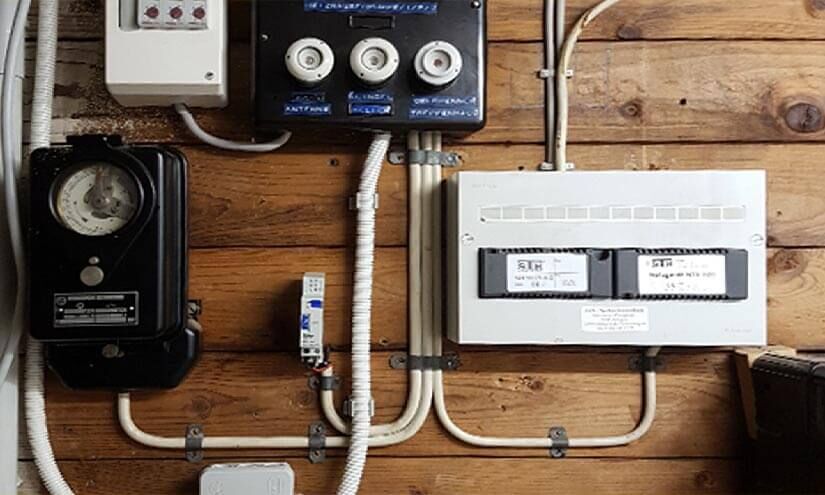 Beim E-CHECK in Hamburg überprüfen die Elektro­instal­la­teure und Elek­tro­niker für Energie- und Gebäude­technik von Cummerow Elektro-Anlagen die Elektrosicherheit und finden dabei auch solche Beispiele für fahrlässigen Leichtsinn.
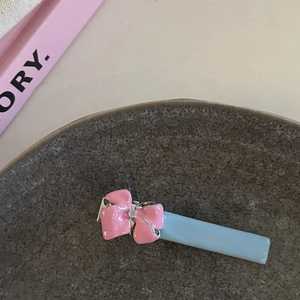 Haarklammer mit rosa-blauem Kontrast und süßem Schleifen-Design für Damen-Haarschmuck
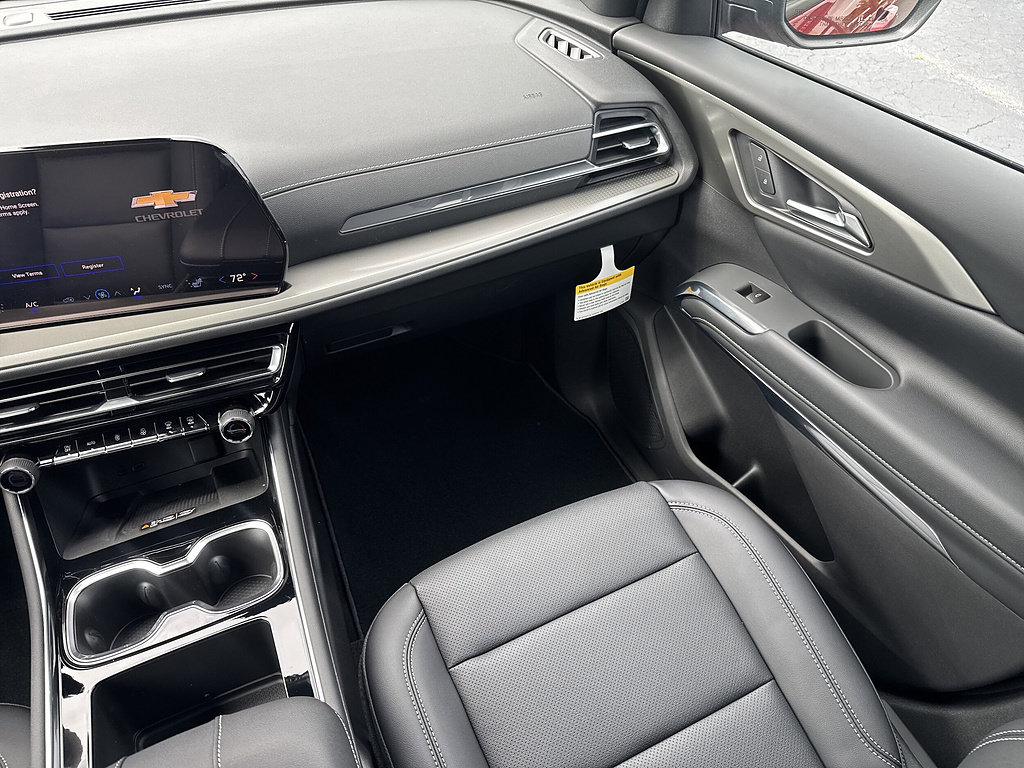 2026 Chevrolet Traverse LT - Photo 17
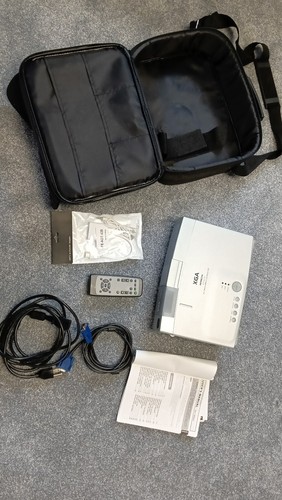 Hitachi CP-X275 LCD Projector, COMPLETE SET! Barely used - 197 lamp hours! - Picture 8 of 21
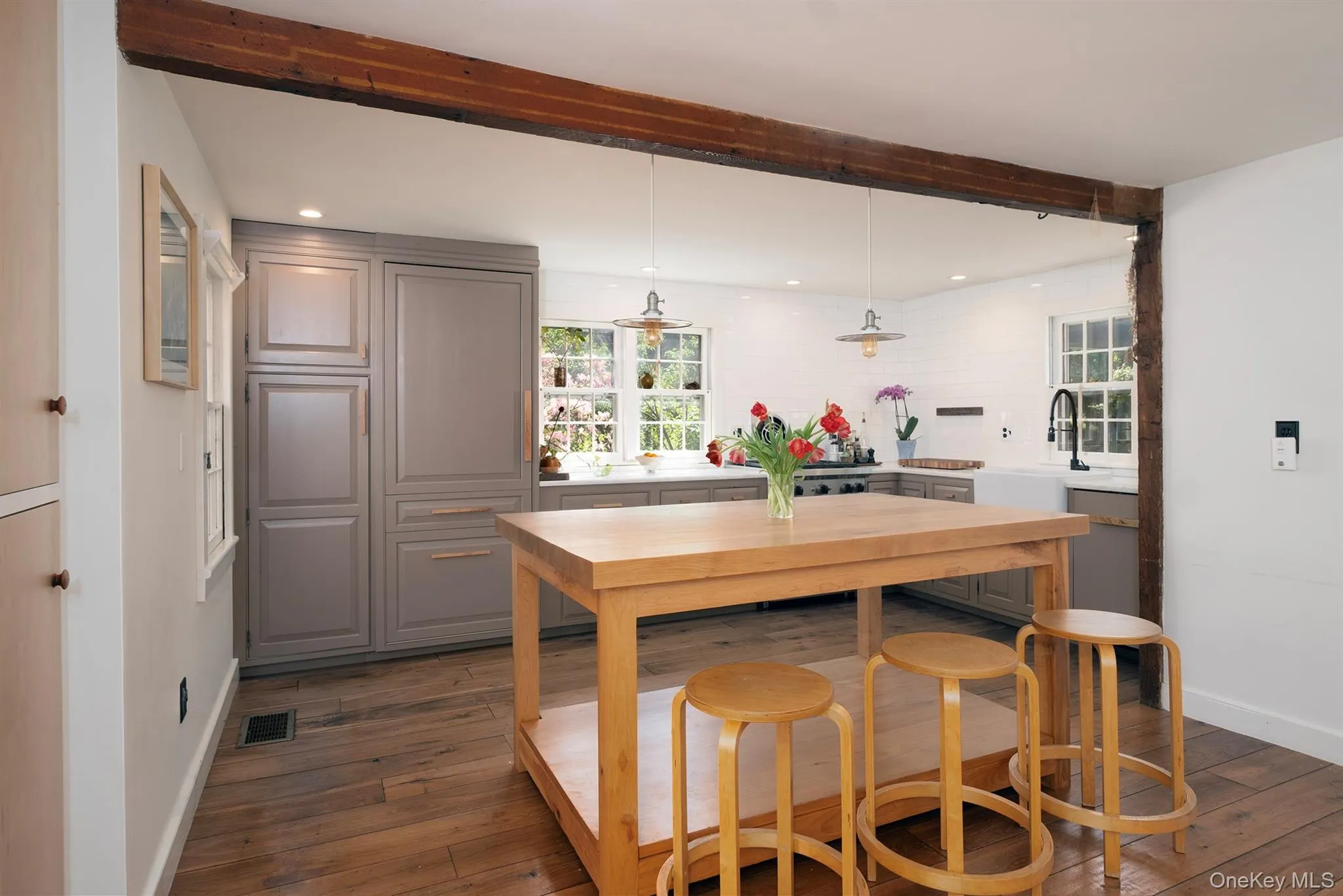 Expansive eat-in kitchen Expansive eat-in kitchen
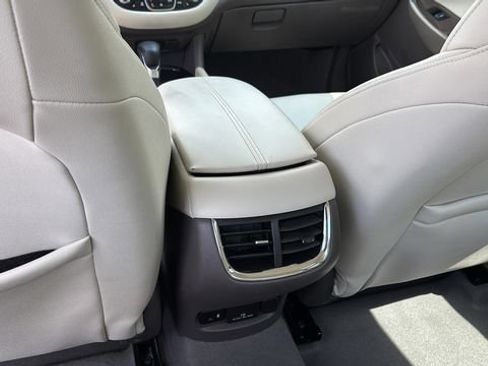 Used 2023 Chevrolet Malibu LT FWD image 20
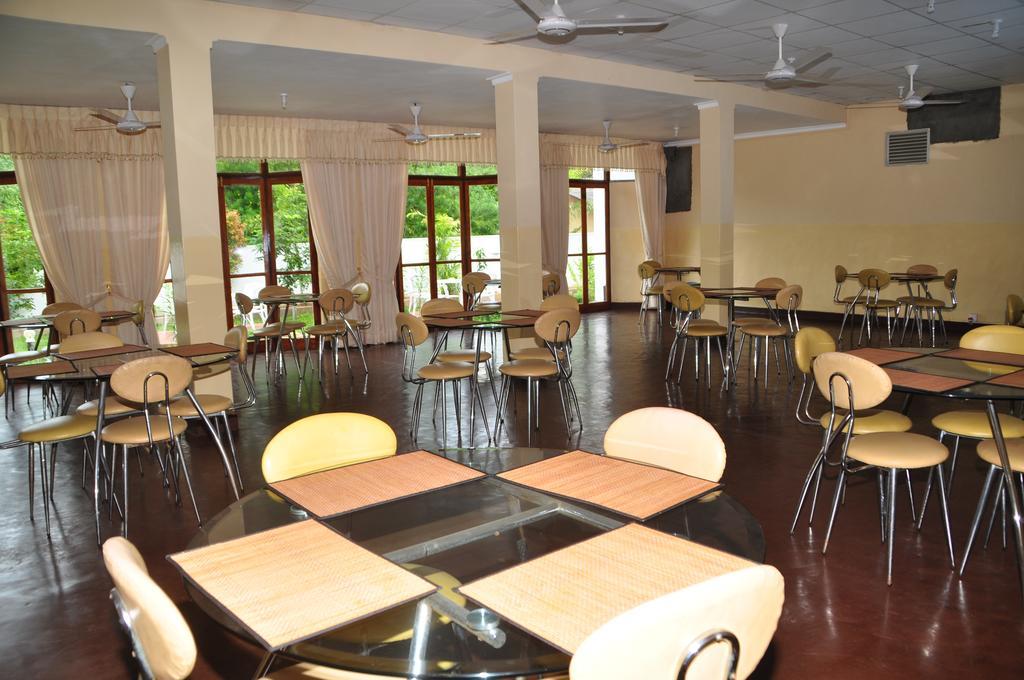 Hotel Melbourne Tourist Rest Anuradhapura Esterno foto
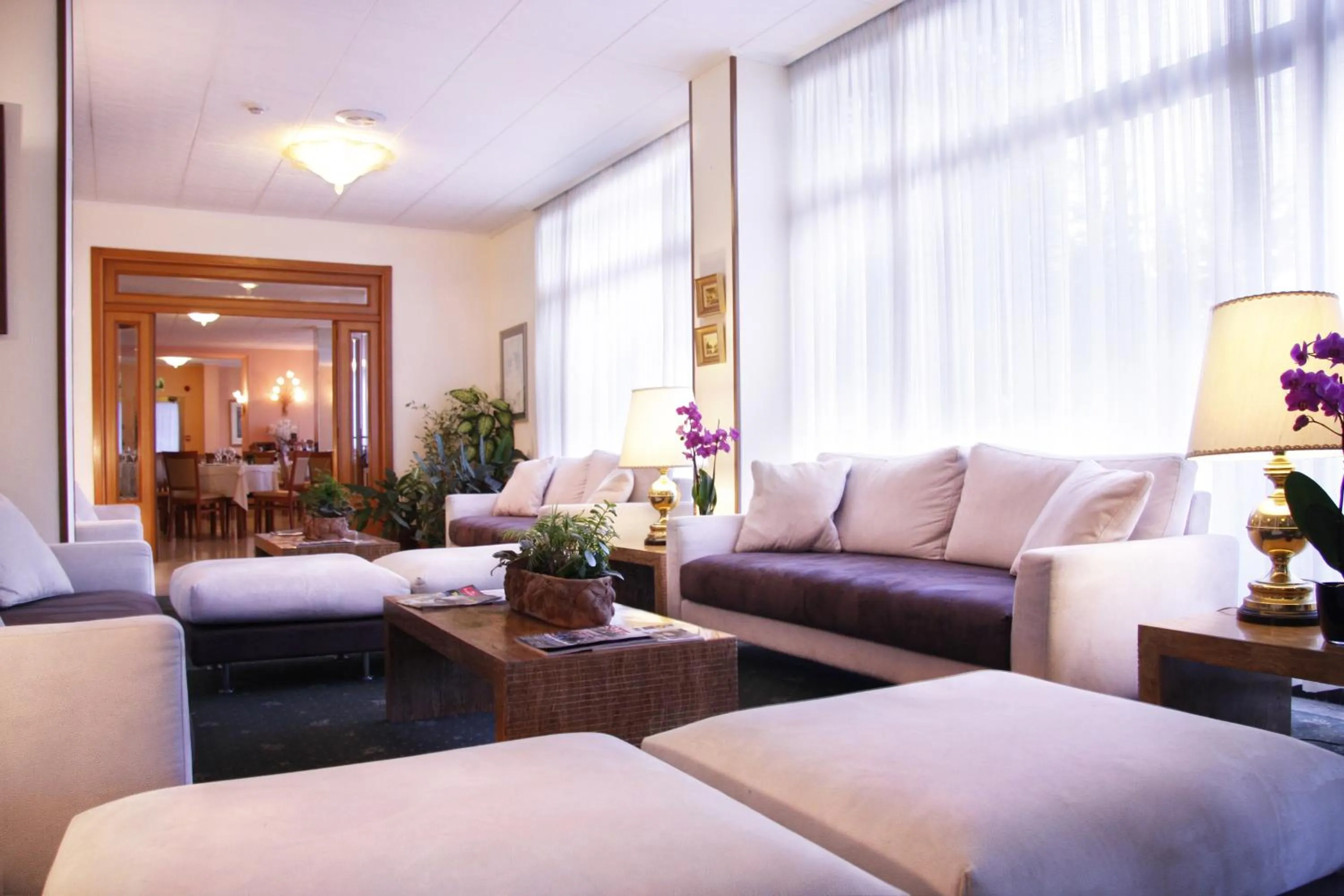 Lobby or reception, Bed in Ilgo Hotel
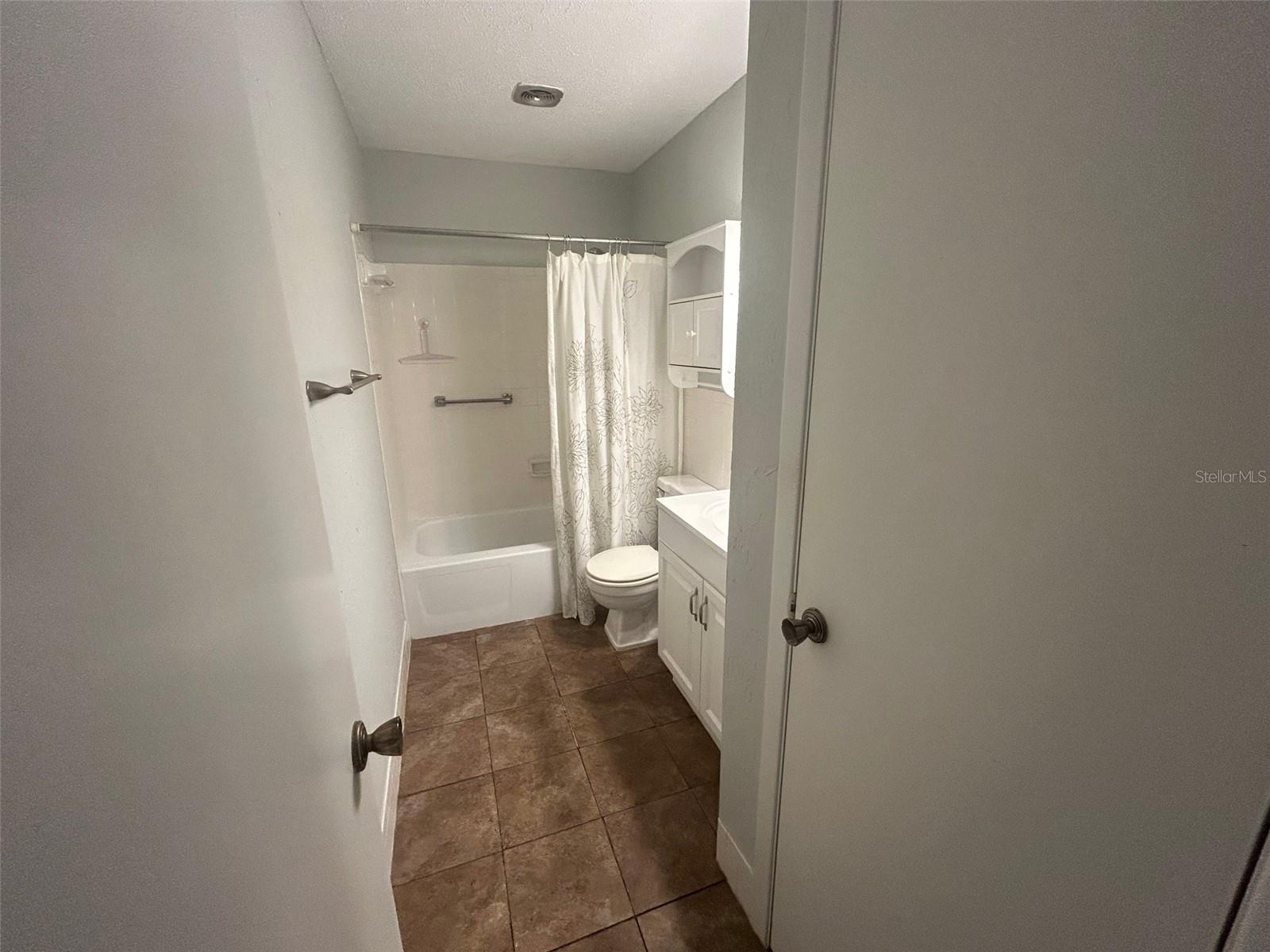 Listing photo id 8 for 10116 Tulip Street N 10116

- - - - -

What the task requires: Everything in the listing except the pictures must come back exactly as written.

Exercise output:
 Beim E-CHECK in Hamburg überprüfen die Elektro­instal­la­teure und Elek­tro­niker für Energie- und Gebäude­technik von Cummerow Elektro-Anlagen die Elektrosicherheit und finden dabei auch solche Beispiele für fahrlässigen Leichtsinn.
 Haarklammer mit rosa-blauem Kontrast und süßem Schleifen-Design für Damen-Haarschmuck
 2026 Chevrolet Traverse LT - Photo 17
 Hitachi CP-X275 LCD Projector, COMPLETE SET! Barely used - 197 lamp hours! - Picture 8 of 21
 Expansive eat-in kitchen Expansive eat-in kitchen
 Used 2023 Chevrolet Malibu LT FWD image 20
 Hotel Melbourne Tourist Rest Anuradhapura Esterno foto
 Lobby or reception, Bed in Ilgo Hotel
 Listing photo id 8 for 10116 Tulip Street N 10116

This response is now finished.